I am not an expert on Adobe's strategy for protecting their digital rights but I know that it is arcane. I am betting the two installed copies of Photoshop are both on your computer. Possibly one copy on your regular hard drive and another on a clone drive (assuming you have one), or if you have installed a new hard drive and restored Photoshop from a backup Adobe is seeing the new drive as a new machine, or Adobe thinks the Photoshop installation on your HD is on a different machine because you have upgraded your OS X version. Or some variation on one of those scenarios. I suspect a call to Adobe tech support can clear up the problem.

Hackers are generally not interested in stealing your software, they are primarily focused on obtaining items of real value such as your name, social security number, date of birth, etc. With that information they have all they need to steal your identity, open credit cards and charge accounts, take out loans, mortgage your house, and leave you holding the bag.

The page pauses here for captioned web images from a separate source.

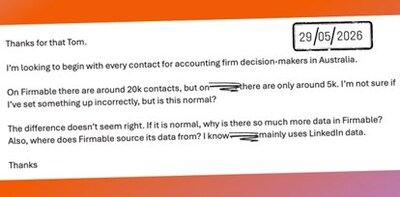 The customer query that triggered the investigation The customer query that triggered the investigation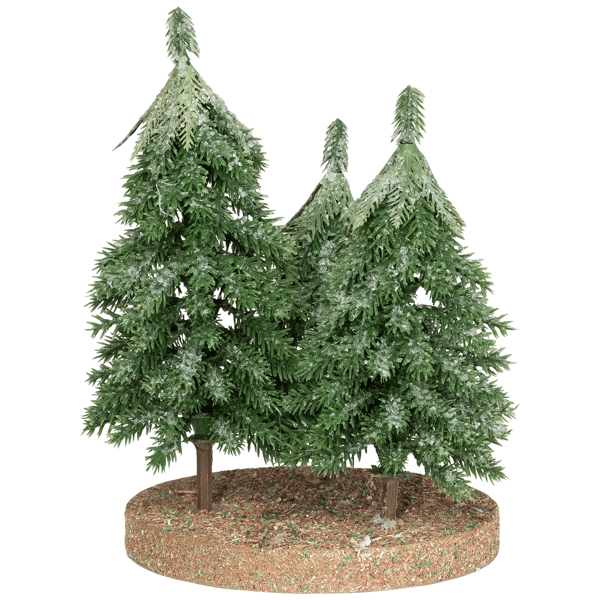Northlight Icy Downswept Pine Trio of Trees Christmas Décor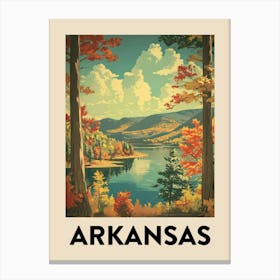 Arkansas Vintage Travel Poster Canvas Print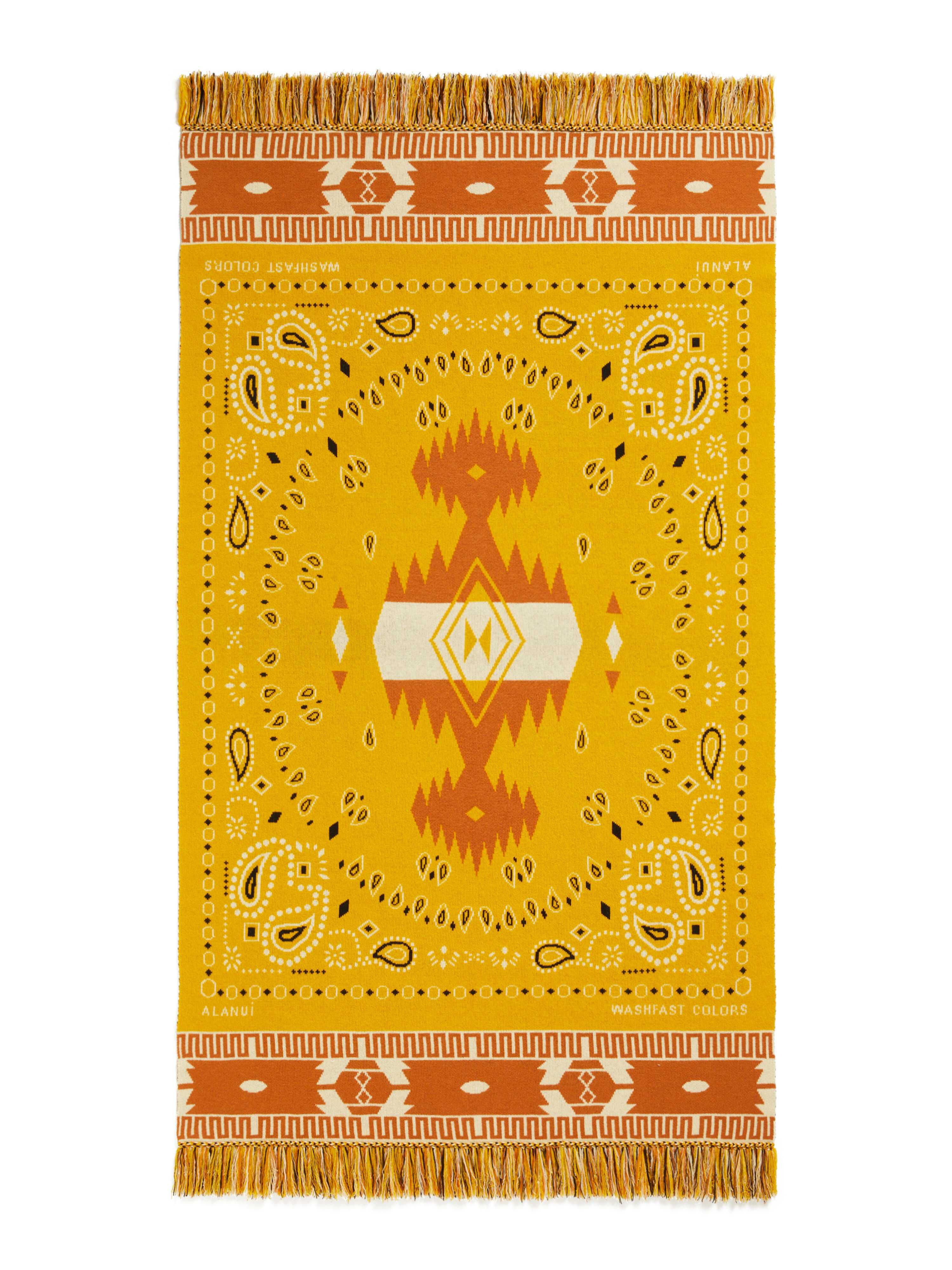 Alanui Bandana Jacquard Blanket Curcuma/Gold LWRO002R24KNI002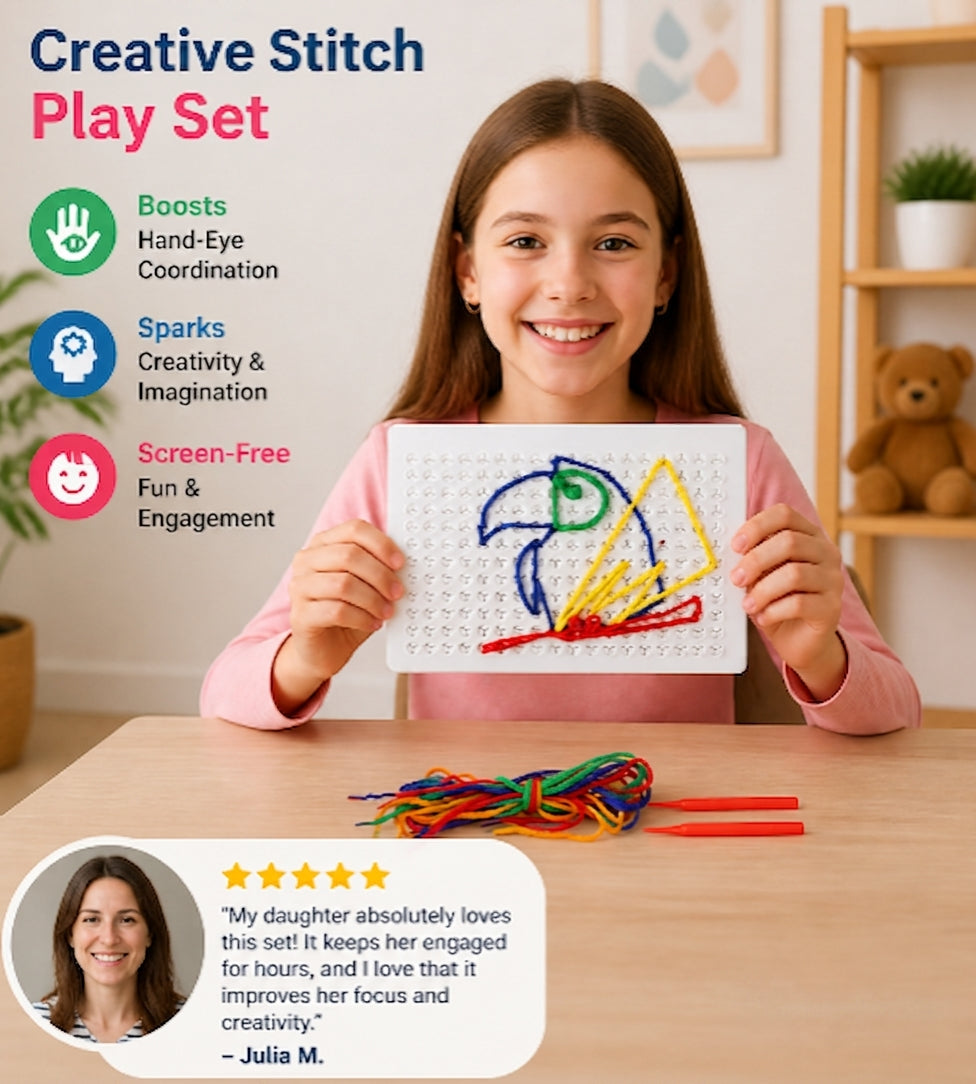 Creative Stitch Play Set for Kids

If they can get your bank account numbers along with the other information they can withdraw all your money from the bank, max out your credit cards, and in general leave you penniless. Don't be fooled into thinking the police can or will be able to help you — they can't and won't. The police agencies that are capable of tracking and prosecuting these felons can be counted on the fingers of one hand and all too often the thief that steals your data lives and works in a country that has no extradition to the U.S. or Canada. That person then sells your data to yet another person, or persons, who then use your data to steal your money, your property, your credit rating, and your good name.


If we knew what it was we were doing, it wouldn't be called research, would it?